The Indian clinical trials industry is estimated to be worth $400 million and trends suggest it will only grow. Considering these factors, the government had ample time and reason to fashion a strong regulatory mechanism to protect its citizens who are the subject patients and ensure that all norms were followed stringently by the CROs and the pharma industry.
As usual, the government has been found wanting and in its absence the Supreme Court, in response to a PIL filed by the Swasthya Adhikar Manch, has banned all clinical trials for new drugs on humans until a monitoring mechanism is set up. The court cannot be faulted for adopting a tough stance. Its intervention has come in the wake of charges that the medical companies do not adhere to the norms for such trials. Between 2005 and 2012, the government has said that 2,644 people died during clinical trials of 475 new drugs out of which 80 deaths were found to be attributable to the trials. The Swasthya Adhikar Manch has said these figures were merely passed on by the government from the private conductors of the trials and were not accurate.
The controversies over the numbers and how many deaths were due to trials and how many due to the natural progression of the disease in terminally ill patients are inconclusive. While the Central Drugs Standard Control Organisation (CDSCO) has come out with draft compensation rules, health activists have pointed out a number of loopholes which have been well documented.
Besides, the CDSCO has come in for severe criticism from the Parliamentary Standing Committee on Health and Family Welfare in 2011 over its tardy functioning. As if this were not enough, the Ranjit Roy Chaudhury expert committee, appointed to recommend reforms in drugs regulation and clinical trials, has said the myriad remedial steps already suggested have been largely ignored. The CDSCO suffers from severe personnel and infrastructure shortages. Worse, its lack of autonomy combines with these leading to delays in decisions. It also lacks in-house expertise in relation to regulatory issues, the committee has reported. All this goes to show the obvious: piecemeal remedies in an area as crucial as healthcare cannot be the answer.
Over the years, India has emerged as a major centre for clinical trial of new medicines. Pharmas in the West have been finding it difficult to conduct clinical trial of drugs as the laws have become strict there. Besides, they have to pay huge compensation in case those on whom the drugs are tested suffer even mildly. In India, there is little awareness among the public about the norms that govern clinical trials. Since a majority of the poor in India cannot afford medicines, they are considered better guinea pigs than those who have been dependent on drugs. Also, the companies have to spend only a pittance as compensation.
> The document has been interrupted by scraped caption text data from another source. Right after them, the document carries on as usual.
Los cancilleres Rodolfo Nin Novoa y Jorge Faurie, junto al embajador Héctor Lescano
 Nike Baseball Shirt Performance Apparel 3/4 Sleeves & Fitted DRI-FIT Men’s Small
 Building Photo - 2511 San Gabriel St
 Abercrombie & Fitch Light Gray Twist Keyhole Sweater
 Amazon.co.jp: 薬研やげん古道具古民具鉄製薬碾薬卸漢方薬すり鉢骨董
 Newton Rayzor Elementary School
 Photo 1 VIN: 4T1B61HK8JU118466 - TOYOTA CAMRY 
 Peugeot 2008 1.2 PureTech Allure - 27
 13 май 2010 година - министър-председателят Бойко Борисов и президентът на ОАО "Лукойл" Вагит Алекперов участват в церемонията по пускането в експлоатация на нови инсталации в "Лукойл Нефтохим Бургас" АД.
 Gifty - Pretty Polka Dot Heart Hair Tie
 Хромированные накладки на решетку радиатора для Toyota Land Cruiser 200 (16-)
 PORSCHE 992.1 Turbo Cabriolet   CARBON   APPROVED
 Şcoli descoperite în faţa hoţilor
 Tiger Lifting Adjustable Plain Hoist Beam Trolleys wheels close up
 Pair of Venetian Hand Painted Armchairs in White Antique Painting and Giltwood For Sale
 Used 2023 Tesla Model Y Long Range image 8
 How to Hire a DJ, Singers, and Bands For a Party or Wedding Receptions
If the government fails to convince the apex court about the steps it has taken to enforce the norms for clinical trials, the danger of it extending the ban on clinical trial cannot be ruled out. Needless to say, that will not be in the interest of medical science and the Indian pharmaceutical industry. During the last few decades, India has emerged as one of the largest producers of drugs, which are cheaper than those produced by their Western counterparts. Clinical trials of new medicines are a must before they can be marketed. If there is a blanket ban, the Indian pharmaceutical industry will lose its ability to develop new drugs.